The first study to investigate the oral microbiota in PD was based on the hypothesis that this disease is often characterized by neuropathological changes in olfactory and gastrointestinal tissues. Therefore, Pereira et al. compared oral and nasal samples from PD patients with controls [32]. Gene sequencing data revealed a different oral and nasal microbiota in the abundance of individual bacterial taxa, but without significant differences in PD patients. Despite the lack of apparent differences, the authors outlined the potential importance of tracking gut microbiota for potential clinical purposes. Later, Rozas et al. [33] conducted a similar cross-sectional case–control study, examining the oral microbiota from hard and soft tissues of PD patients (and matched healthy controls). The bacterial identification results showed significant differences in soft tissue diversity with a higher abundance of opportunistic oral pathogens in PD. When potential confounders were examined, the presence of dysphagia, drooling, and salivary pH emerged as the most influential. Taken together, these findings revealed novel microbiota differences and clinical signs that could explain them.
Years later, and with new data pointing to the importance of diet in the pathophysiology of PD, Zapała et al. [34] compared the dietary preferences and oral microbiota profile of PD patients with healthy matched controls. Gene sequencing showed that the oral microbiota in PD differed from the controls, with a lower abundance of Proteobacteria, Pastescibacteria, and Tenercutes. On the other hand, a high relative abundance of Prevotella, Streptococcus, and Lactobaccillus was found. In addition, dietary patterns showed correlations with microbial taxa, suggesting a possible role of diet in the oral bacterial profile of PD patients.
In addition, a recent exploratory study examined the composition of oral microbiota (saliva and subgingival samples) and the level of oral inflammation (by periodontal and dental examination and quantification of gingival crevicular fluid levels of IL-1β, IL-6, IL-1 receptor antagonist, interferon-γ, and TNF-α) [35]. Both in saliva and subgingival plaque, the composition of plaque showed different patterns between PD and control subjects [35]. There was a higher abundance of Streptococcus mutans, Kingella oralis, Actinomyces AFQC_s, Veillonella AFUJ_s, Scardovia, Lactobacillaceae, Negativicutes, and Firmicutes. On the contrary, there was less abundance of Treponema KE332528_s, Lachnospiraceae AM420052_s, and phylum SR1 [35]. Even though there were no differences between dental and periodontal statuses among PD and control patients, there was a higher level of IL-1β and IL-1 receptor antagonists in the gingival crevicular fluid of people with PD, showing a different inflammatory pattern on the periodontal apparatus.

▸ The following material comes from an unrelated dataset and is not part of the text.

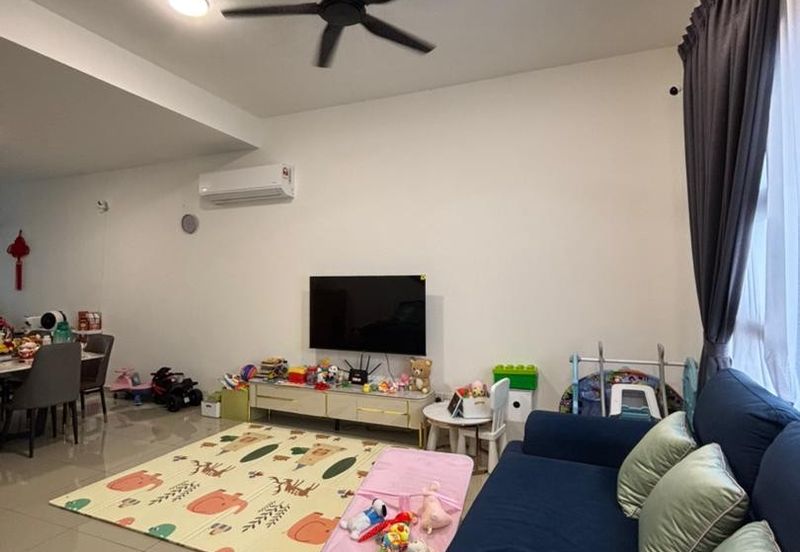 Tate Dalton @ Eco Botanic 2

The apparent specific oral microbiota profiling in PD raised other questions of major importance regarding the pathophysiological features of this movement disorder. Particularly, Zheng et al. [36] collected oral mucosa samples using a cytological brush from people with PD and age-matched controls. Immunofluorescence analysis revealed increased α-Syn, pS129, and oligomeric α-Syn levels in oral mucosa cells of PD patients. While α-Syn species were distributed intracellularly, pS129 was mainly located in the cytoplasm, and oligomeric α-Syn in the nucleus and perinuclear cytoplasm. In addition, the oral mucosa α-Syn and oligomeric α-Syn levels of participants with PD significantly correlated with the clinical staging of PD, assessed with the Hoehn–Yahr scales.
At that point, several studies were able to identify a distinct gut microbial composition in PD. Jo et al. [37] furthered the research on the microbiome by studying the functional alteration of the microbiome in PD. The taxonomic oral and gut microbiome profile significantly differed between PD patients and healthy controls, with a higher abundance of Lactobacillus and opportunistic pathogens [37]. Functional analysis revealed a down-regulation of microbial glutamate and arginine biosynthesis gene markers and an up-regulation of antibiotic resistance gene markers in PD patients compared to healthy controls [37].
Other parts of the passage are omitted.